Capítulo 3
O barulho da água correndo próximo a elas trouxe um relaxamento inevitável a mente perturbada de Aurora, sua mente pôde aproveitar o momento em que as arvores se afastavam dando passagem ao rio que corria suavemente, as pedras esparramadas, umas grandes a margem e no meio do rio, outras pequenas que rolaram quando seu pé pousou em cima delas e afundou na areia.
O frio da água a recebeu, mas era um frio agradável, o frescor da vida.
Mais um passo e se tornou mais fundo, quando percebeu a água estava em sua cintura, tão clara que ela podia ver a sujeira de suas roupas se desprendendo lentamente. Esse era seu momento para um banho.

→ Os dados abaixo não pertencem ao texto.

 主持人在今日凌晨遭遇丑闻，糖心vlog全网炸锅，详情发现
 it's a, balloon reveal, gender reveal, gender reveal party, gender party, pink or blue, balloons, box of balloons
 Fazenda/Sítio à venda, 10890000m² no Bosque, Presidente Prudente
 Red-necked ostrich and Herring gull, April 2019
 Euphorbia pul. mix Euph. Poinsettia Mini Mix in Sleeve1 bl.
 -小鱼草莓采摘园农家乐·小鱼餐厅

Isabel se aproximava com cuidado sabia que onde a mulher estava era levemente arriscado caso ela escorregasse então procurou onde tinha mais pedras para que pudesse se limpar assim como ela fazia.
Usando a camiseta de esponja Aurora esfregava todo seu corpo, com cuidado retirou a atadura, esfregou limpando o máximo possível para ser usada novamente, jogou sobre seu ombro e retirou a calça para esfregar, quando ficou satisfeita jogou sobre uma pedra para que pudesse secar.

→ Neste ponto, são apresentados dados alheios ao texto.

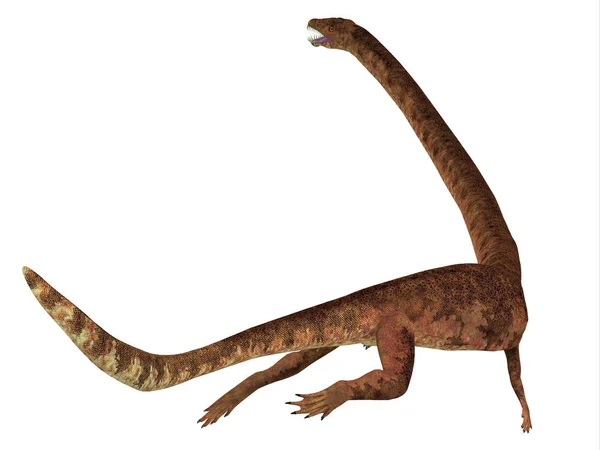 Tanystropheus dinozor kuyruk — Stok fotoğraf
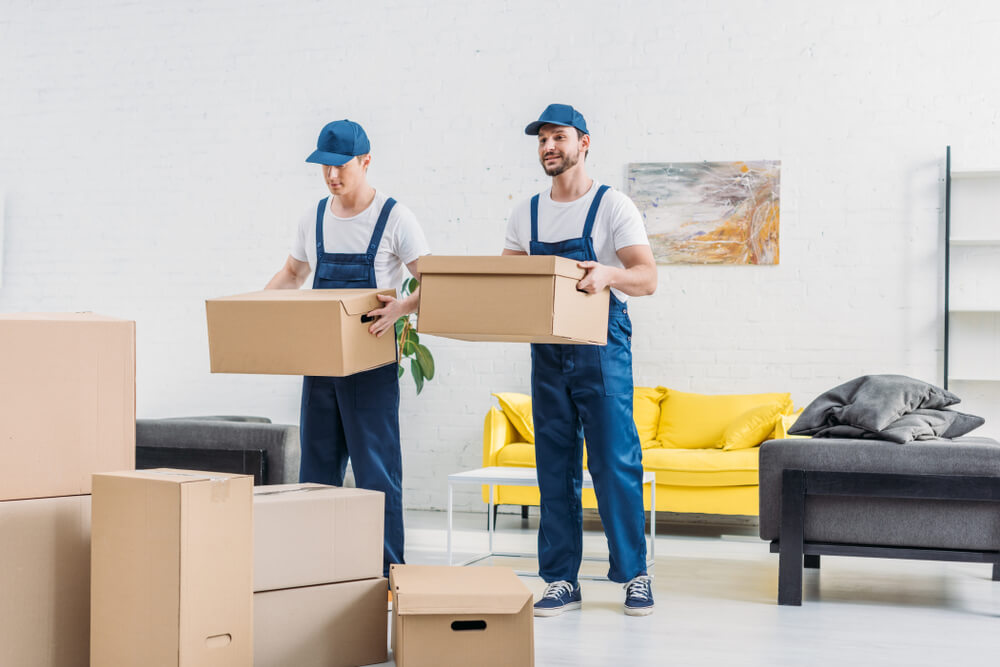 Professional Moving Services Amherst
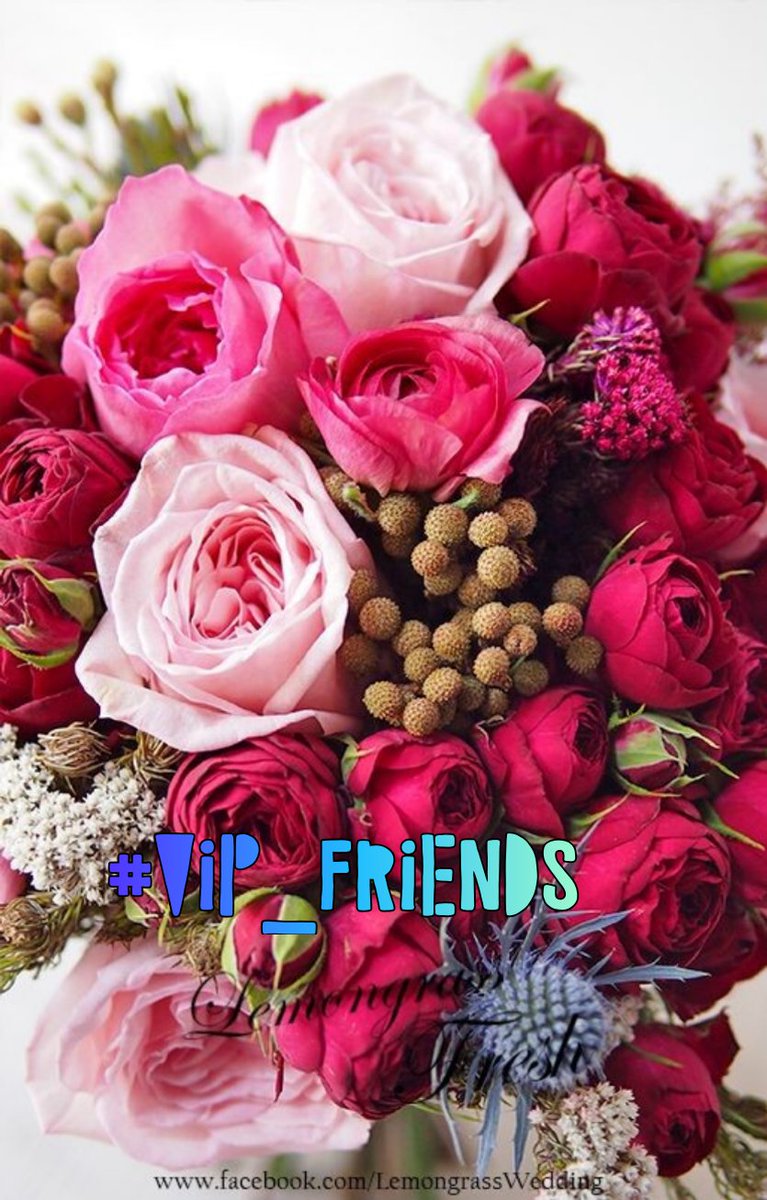 #VIP_FRIENDS ⭐ @SOY_ALESXIA2 @TOP_ANAHI @_ALESXIA 🍬 @JB22BRASIL @LIZZEY_1 @SHS_1981 @As_t40 @ALESXIA_ANK @MQ_786 @shZ447 @VIO_LET9 @seraichiban3 @Bn_gsh2 @Efamy_ @DyelQueM @As_t40 @_B_RANDON6 @SINGHASINGH @NabobJuliuson @CVowelsAuthor @LauraMi25356713 @GRAHAM15583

Seus olhos focaram em sua imagem tão diferente, aquela criança já não existia, seu rosto não possuía mais nenhum traço infantil. Desfocou o olhar de seu rosto com alguns arranhões e focou no vermelhidão de sua perna, ela teria que olhar aquilo antes de chegar a cidade e qual lugar melhor se não onde a água apagaria seu rastro.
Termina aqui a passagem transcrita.